However, a federal appeals court ruling has forced us to pay closer attention to the Pledge of Allegiance and the oath we're asking Americans—particularly school-aged Americans—to observe.
Published in 1892 as a patriotic salute for schoolchildren, the Pledge of Allegiance went through several slight revisions before Congress made it official in 1942. One year later, the U.S. Supreme Court made it a voluntary pledge for schoolchildren.
By 1954, when the words "under God" were tacked onto it, the country was in turmoil. It was the cold war era, and Senator Joseph McCarthy was stirring up a vehement anti-Communist sentiment in the country. Americans viewed the Soviet Union as a godless monster that had infiltrated our society.
The nation was in the midst of an identity crisis. We had just fought the war to end all wars with the hope that the world could live in peace. But now America was thrown immediately back into the ugly face of another world war threat. Who could save us? The answer from many was "God." Thus in the heat of the politics of the day, President Dwight D. Eisenhower, recognizing the nation's need for a Supreme Being to provide strength and comfort, remarked:
"In this way we are reaffirming the transcendence of religious faith in America's heritage and future; in this way we shall constantly strengthen those spiritual weapons which forever will be our country's most powerful resource in peace and war."
But 50 years later our world is still in turmoil, with terrorism threatening our security and sense of well-being. Following the terrorist attack of September 11, the call for the belief and protection of a Supreme Being once again emerged as a part of the national ethos. However, in a society permeated with political correctness and saturated with the multiplicity of faiths, the effort to acknowledge a Supreme Being in an official capacity is an uphill struggle. And the Ninth Circuit Court of Appeals' 2-1 ruling that the Pledge of Allegiance is unconstitutional because it acknowledges that we are "one nation under God" is just the latest—but far from the last—challenge.
Even the news that the same judge who wrote the majority opinion soon placed the ruling on hold indefinitely cannot diminish the impact of the original decision. Surely such a ruling couldn't have come as a surprise to many people. After all, it has been a long time coming, one more step in a series of efforts to remove religion from public life.
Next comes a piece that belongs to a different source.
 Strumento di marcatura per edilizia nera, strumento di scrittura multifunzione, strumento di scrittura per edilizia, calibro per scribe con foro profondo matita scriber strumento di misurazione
We've traveled a long and winding road since the America of "God, apple pie, and the American dream." The U.S. Supreme Court removed prayer from public schools in the early sixties. Time magazine went so far as to declare on its cover that God was dead in 1966. Now Ten Commandments plaques are being torn down from courthouses across the country. And separationist groups continue to be on the warpath to cleanse our society of any mention of God.
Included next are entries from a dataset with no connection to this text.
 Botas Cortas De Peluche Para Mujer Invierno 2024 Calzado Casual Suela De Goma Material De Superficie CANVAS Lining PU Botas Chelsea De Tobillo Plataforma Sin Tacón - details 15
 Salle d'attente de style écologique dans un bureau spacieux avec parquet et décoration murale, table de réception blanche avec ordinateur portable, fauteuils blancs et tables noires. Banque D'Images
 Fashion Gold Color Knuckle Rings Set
Yet this particular Pledge of Allegiance case, arising out of one parent's belief that his child should not have to listen to her classmates voluntarily recite the Pledge, is about more than the mention of God in a patriotic ritual. It goes to the heart of the debate about our nation's spiritual heritage—and its future.
This country has been traveling a wandering path around the issue of religion for some time now. We're still a society desperately searching for an identity—at least a spiritual one—and, especially in the wake of the terrorist attacks, we're on the verge of a nervous breakdown. But the American people can provide the cure, if only they will decide once and for all what they want this country to be.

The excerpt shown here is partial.